▶ Exercise directions
Would you copy the records below, exactly and only from their first line through the line containing "Citylight A in", without any pictures?

Provided data Block Start

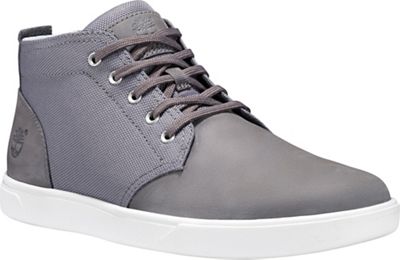 Timberland Men's Groveton Lace To Toe Chukka - 8.5 - Medium Grey Nubuck product image
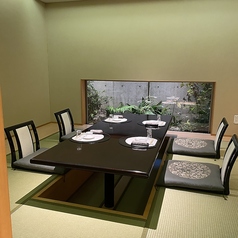 【1階】座敷 (2~6名様) プライベート感◎少人数でのご利用の際におすすめのお席です!ご家族やご友人での会食にぴったり。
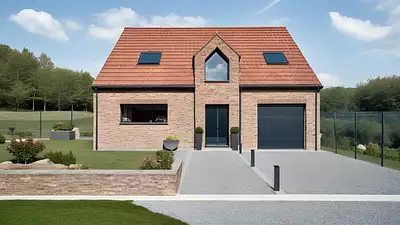 Maison neuve, 115 m²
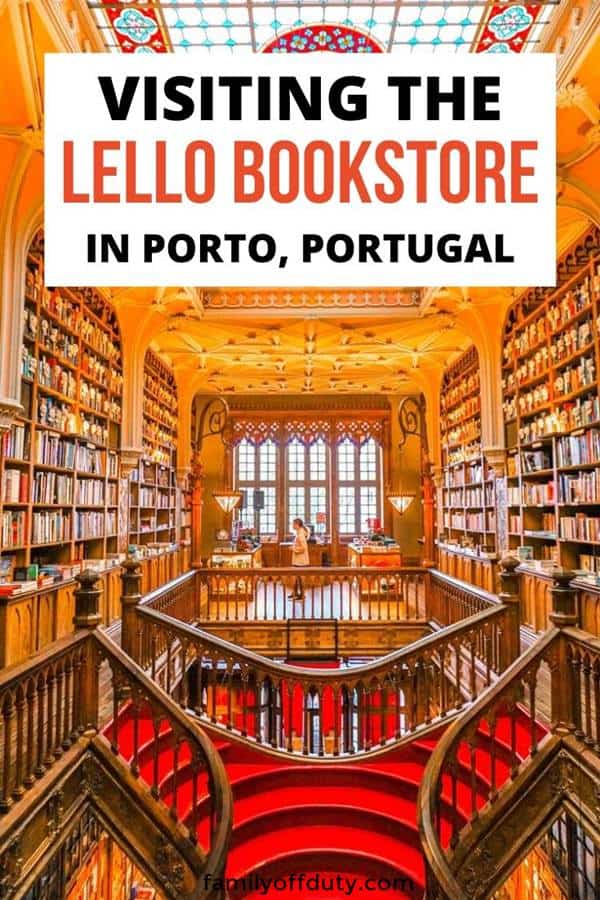 Visiting Livraria Lello bookstore in Porto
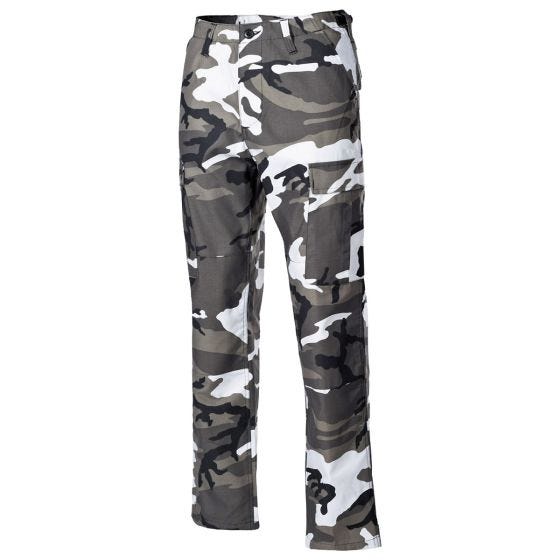 MFH US BDU Reinforced Kampfhose - Urban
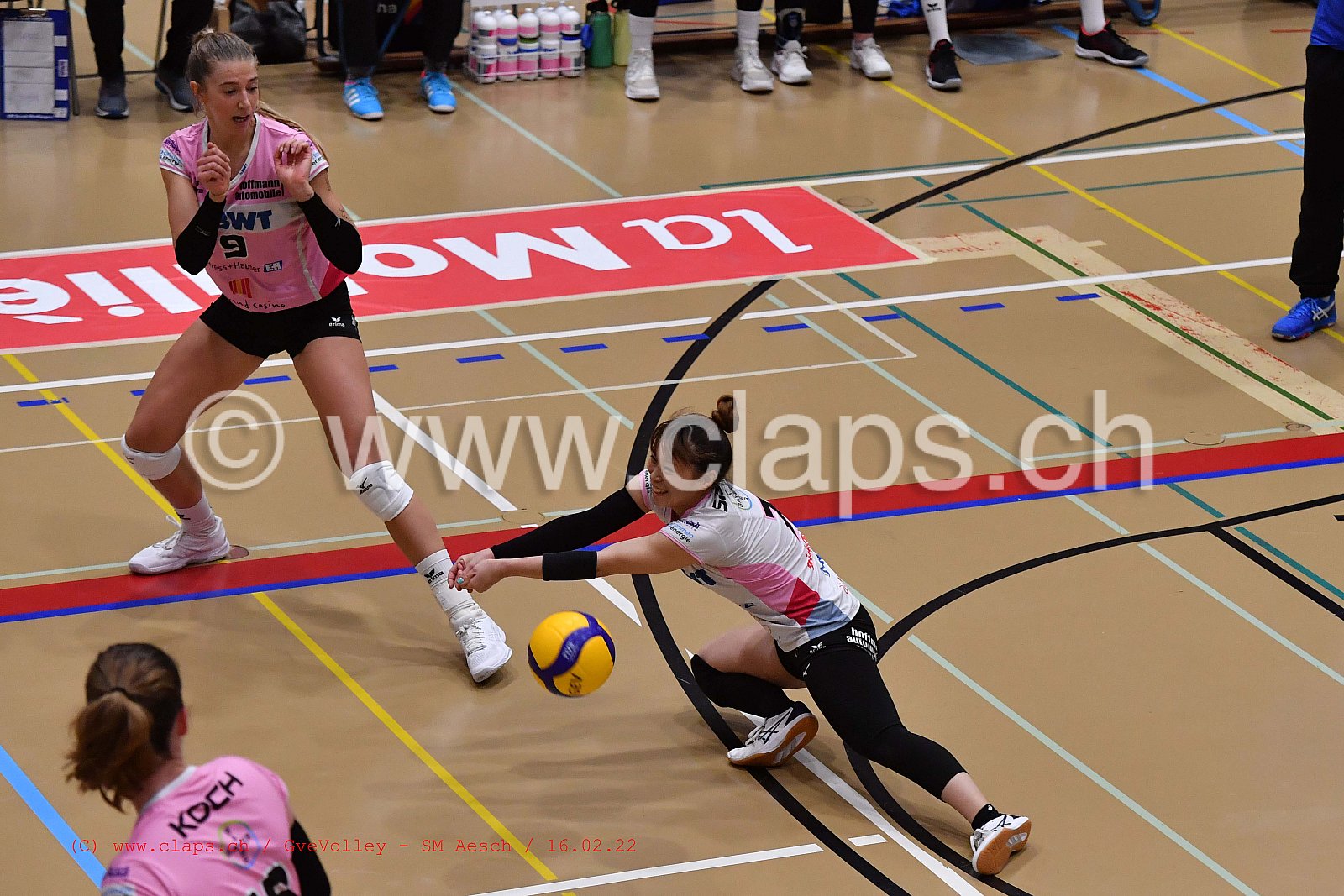 GveVolley - Sm Aesch février 2022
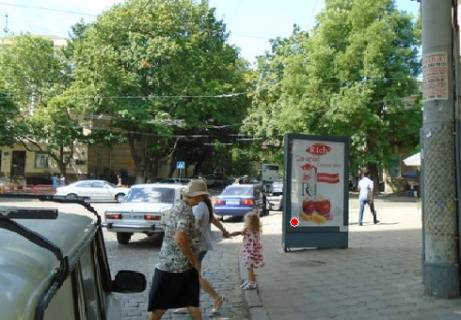 Citylight A in Odessa, 1.8x1.2  Soborna st., 6 Photo 1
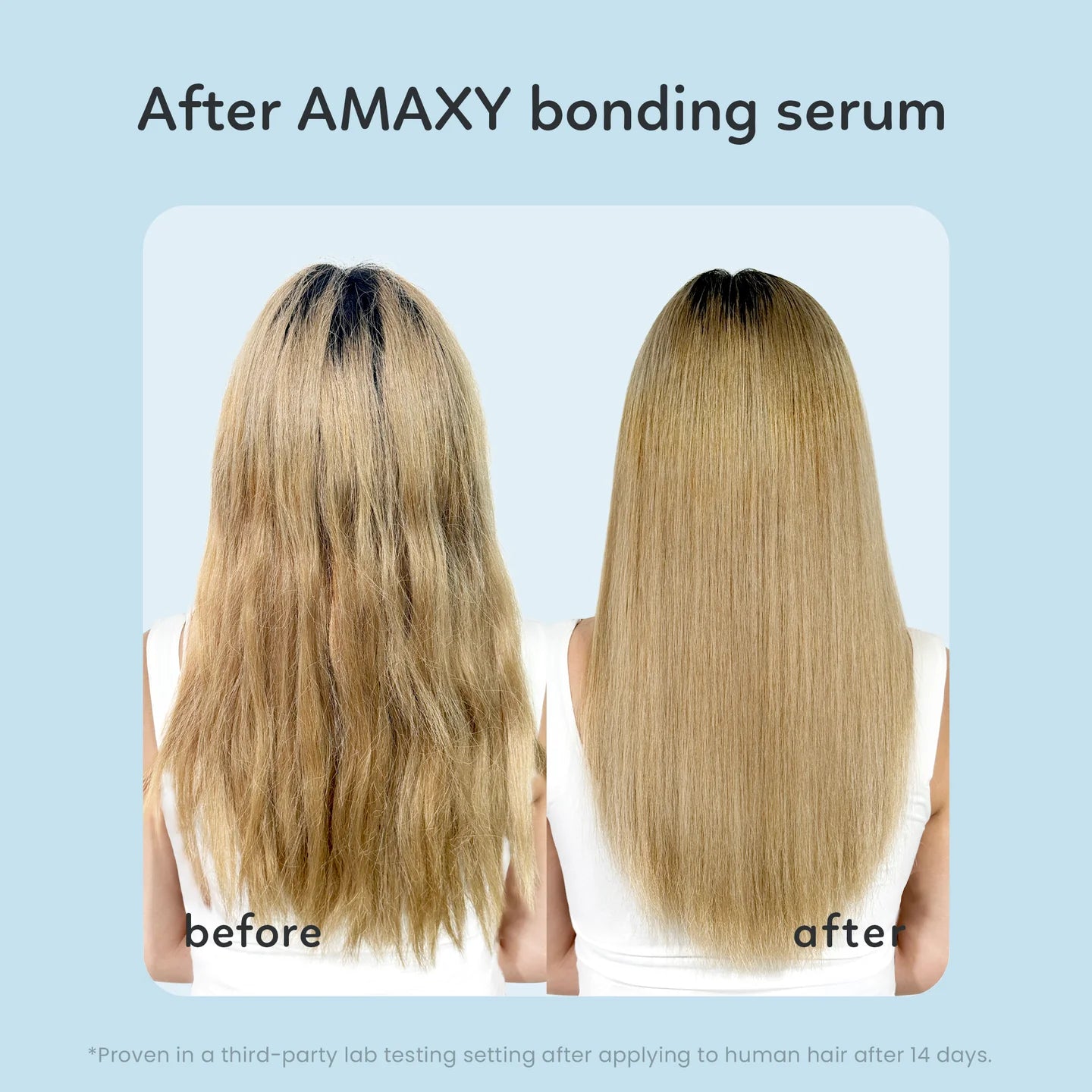 AMAXY Miracle Bonding Serum – leave-in hair treatment for damaged and colour-treated hair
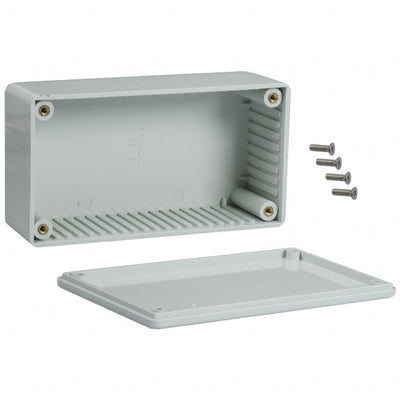 1591CGY by Hammond Manufacturing - BOX ABS GRAY 4.724""L X 2.559""W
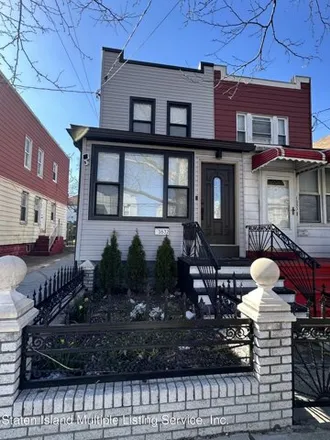 Rent this 3 bed house on 1632 Albany Avenue in New York, NY 11210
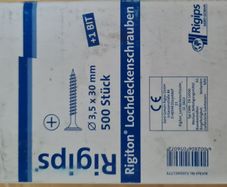 Screws 3.5x3.0mm 500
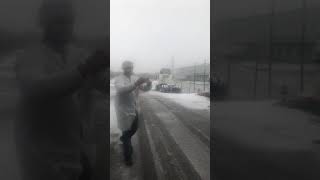 Life in Canada- Pind Brampton first snow fun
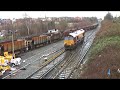 66214 runs off the Up/Down Goods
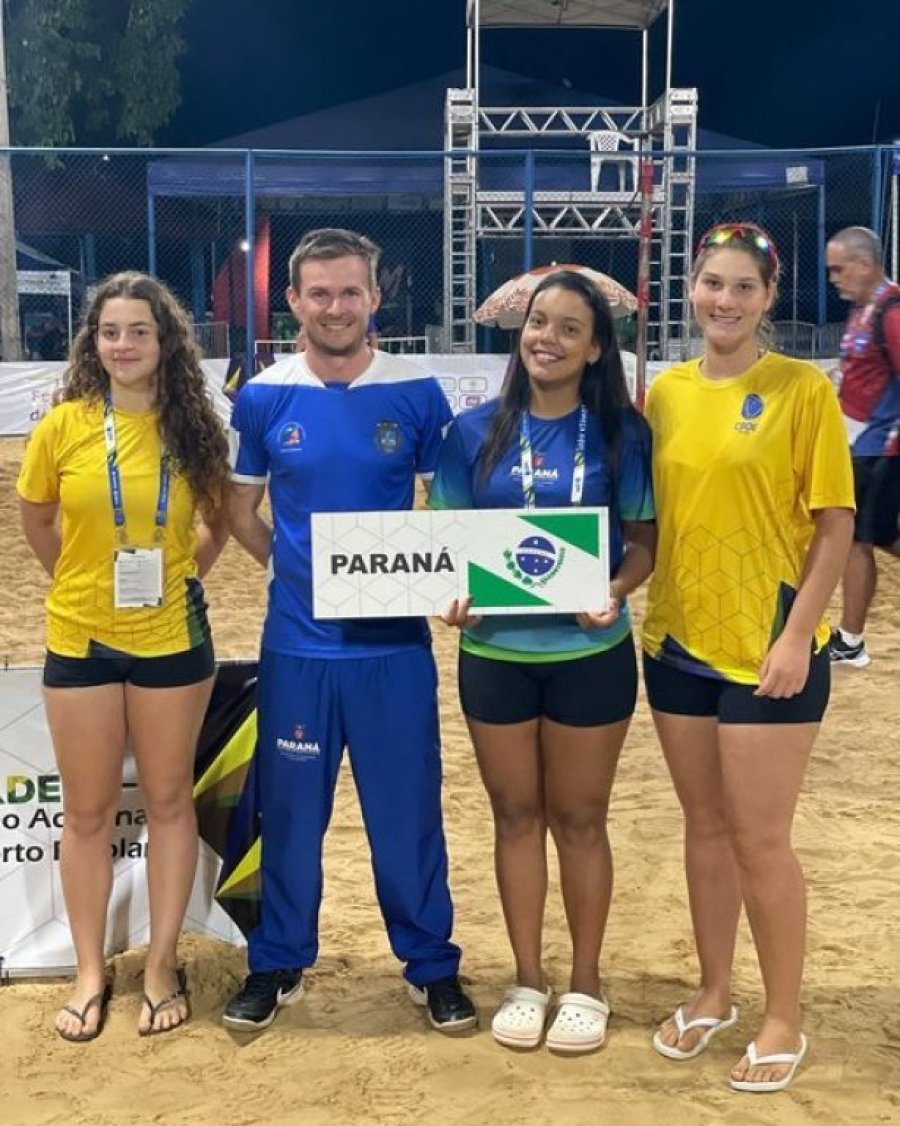 Atletas de Dois Vizinhos Representaram o Paran� na Seletiva Nacional da Gymnasiade no Acre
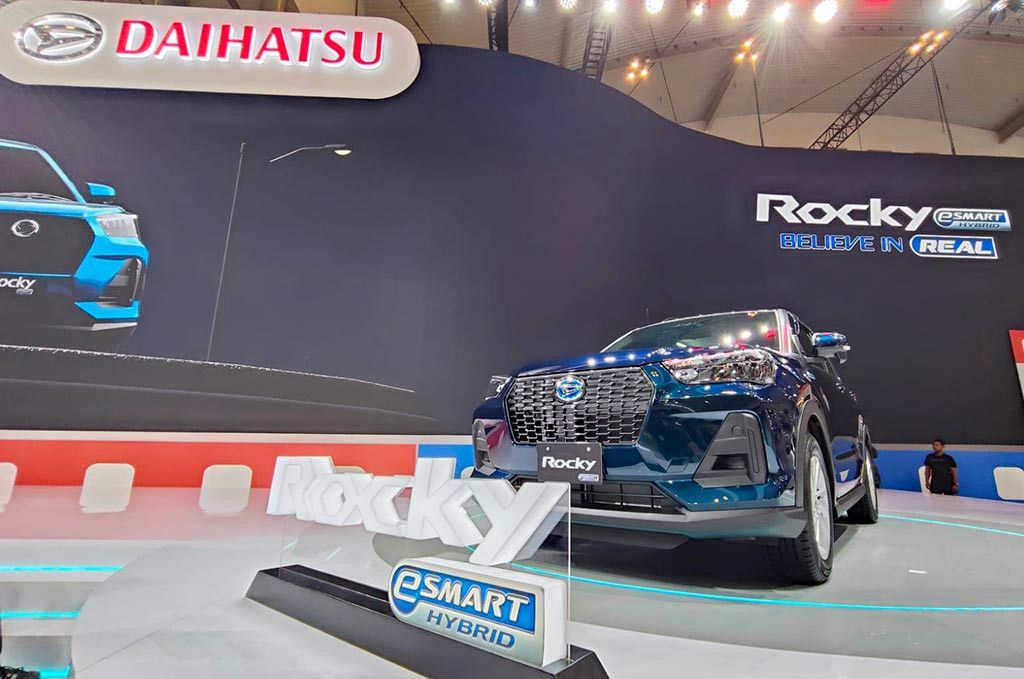 Daihatsu Rocky Hybrid Catat Konsumsi BBM 47 Km Per Liter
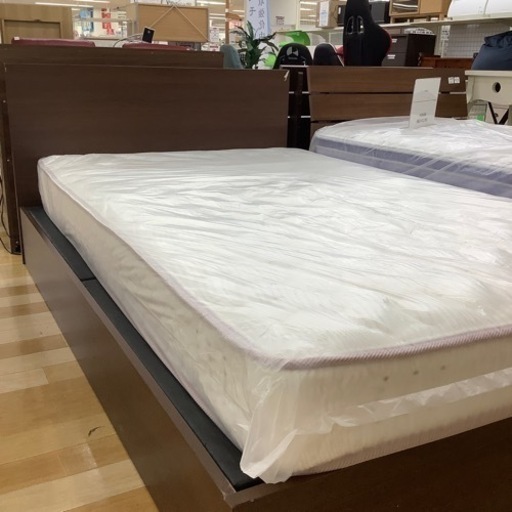 セミダブルベッド　売ります‼︎【トレジャーファクトリーラパーク岸和田店】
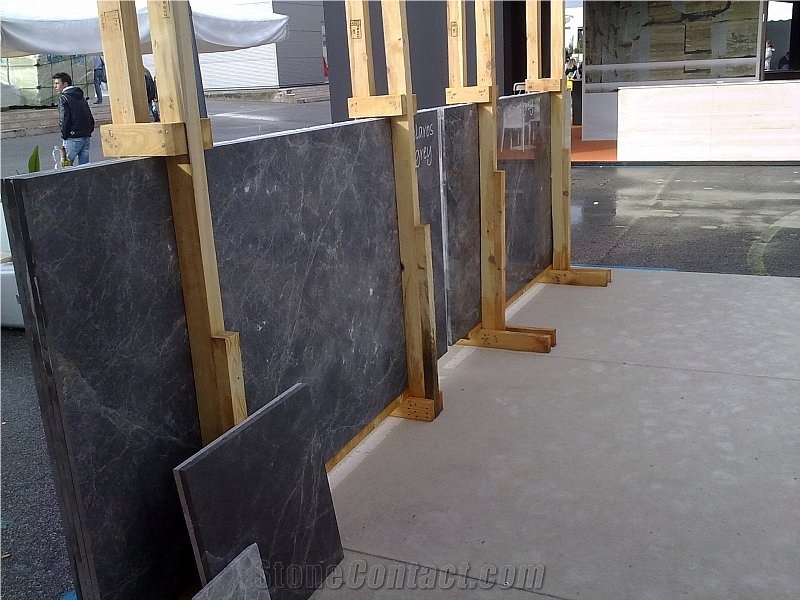 Claros Grey Marble Blocks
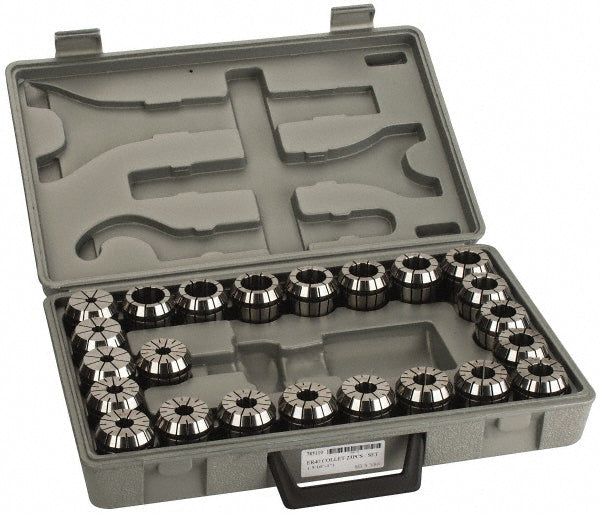 Accupro 785110 Collet Set 23 Pc, Series ER40, 5/16 to 1" Capacity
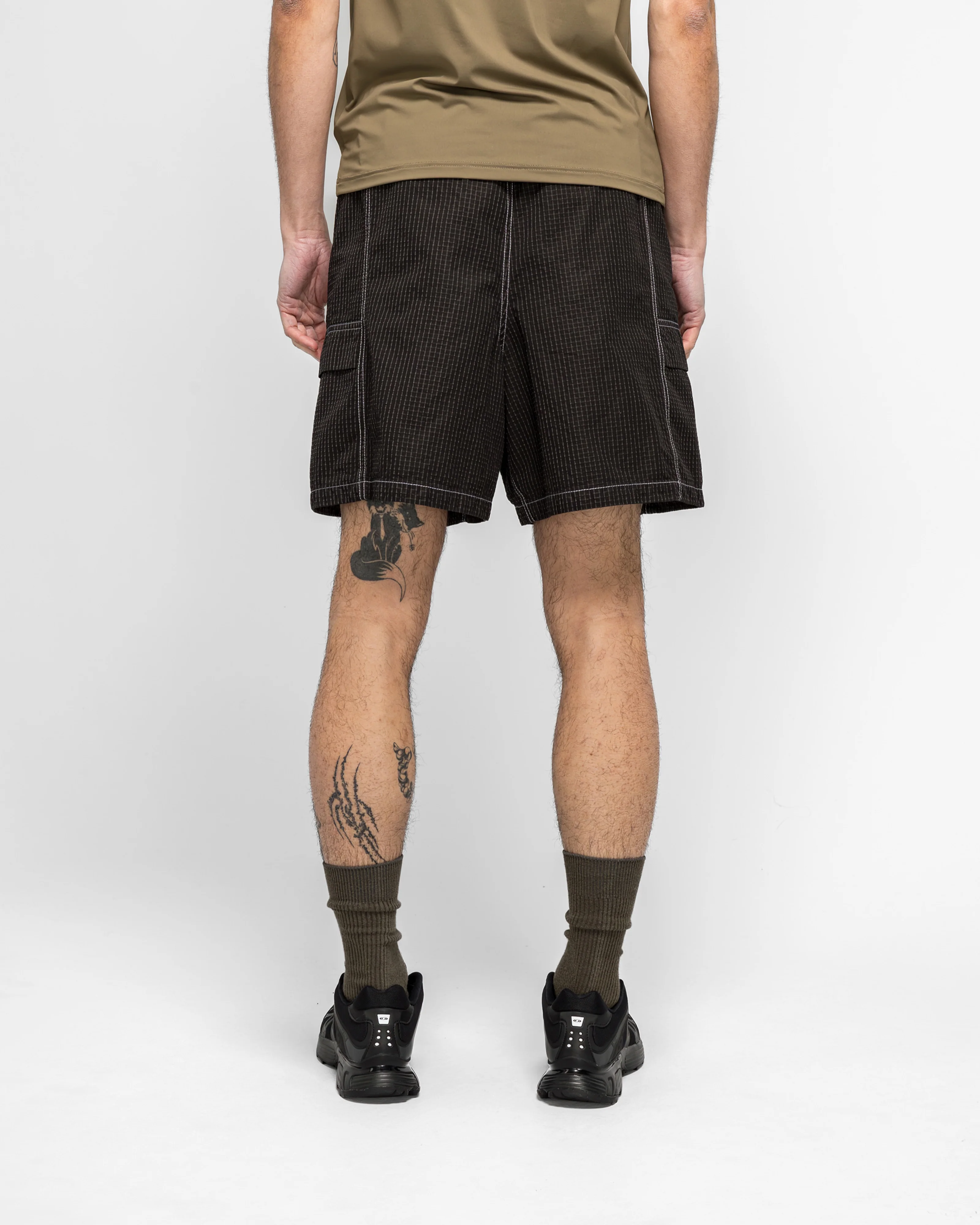 Furio Shorts - Grave Black - Image 4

Provided data Block End

▶ Answer to the problem
 Timberland Men's Groveton Lace To Toe Chukka - 8.5 - Medium Grey Nubuck product image
 【1階】座敷 (2~6名様) プライベート感◎少人数でのご利用の際におすすめのお席です!ご家族やご友人での会食にぴったり。
 Maison neuve, 115 m²
 Visiting Livraria Lello bookstore in Porto
 MFH US BDU Reinforced Kampfhose - Urban
 GveVolley - Sm Aesch février 2022
 Citylight A in Odessa, 1.8x1.2  Soborna st., 6 Photo 1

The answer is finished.